Keep an eye on this one

Business Week’s Jon Fine is reporting that talks are underway between the networks to create a one-stop site for all their video content to compete with the Google/YouTube juggernaut. At the same time, Google is offering the nets HUGE sums of cash (nine figures) for rights to their content. Here are the key graphs:

Such a sum far exceeds what any single broadcast network can extract from the online world–and drops straight to the bottom line. But taking the dough fortifies an already threatening rival. One executive privy to the discussions says: “The reality is, if they are able to lock in major media [companies] for three years, then by default YouTube is the place to go” for Web video. Such fears may be what’s spurred several major media players to mull assembling a cross-company Web video destination–a YouTube killer of their very own.

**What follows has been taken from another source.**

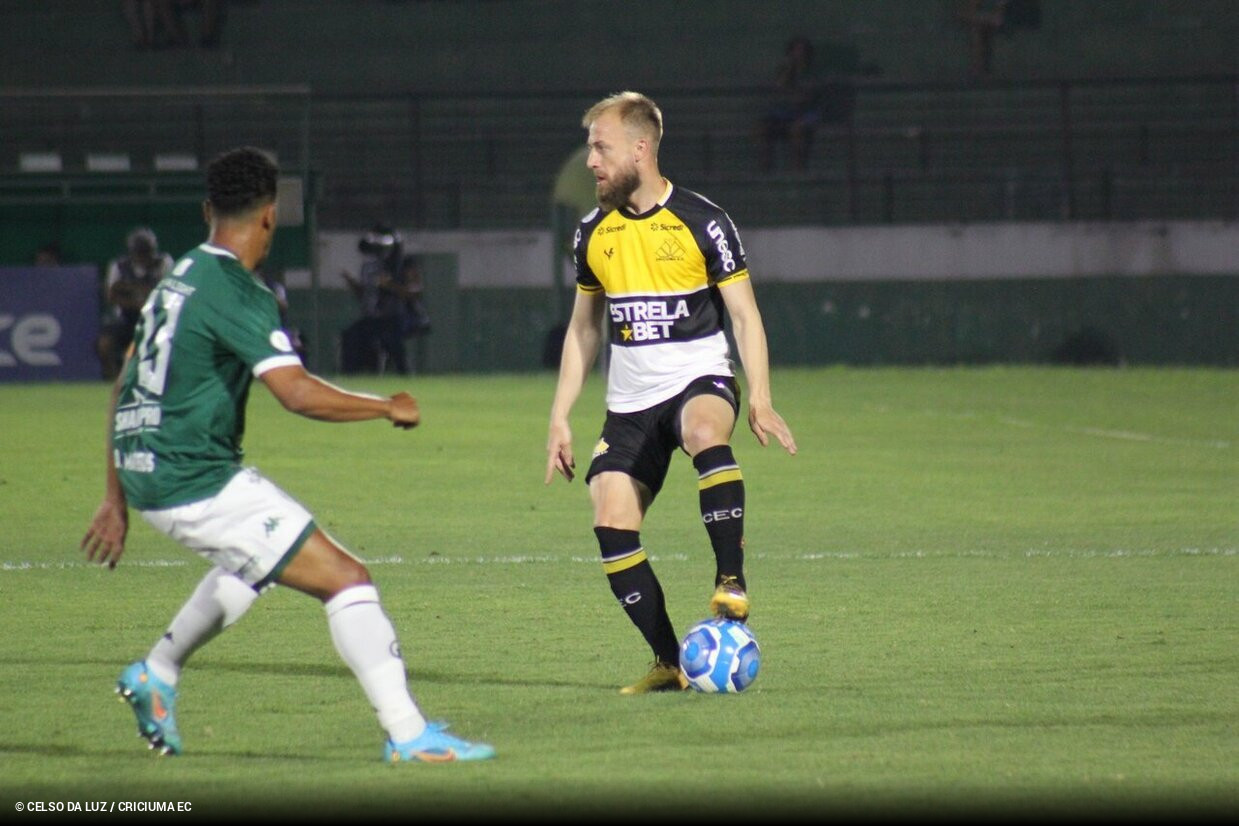 Corinthians busca empate, mas sai da briga pelo segundo lugar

“The theory is that if you were to aggregate enough exclusive content in one place, you could actually change viewing patterns,” says an executive familiar with the cross-company talks. Perhaps anticipating my jumping all over the fallacy of “exclusive” in an open online ecosystem, he concedes “it’s really tough,” though not impossible.

I continue to believe that cutting deals with companies like Yahoo to present our local content is penny wise and pound foolish. Better to create a local video portal that includes everybody, but that would take a level of coöperation heretofore impossible in any market. Stay tuned.

Comments

  1. You have to wonder is they will revert back to the traditional money-making machine of advertising, or if this will be the new revolution in broadcast… commercial free.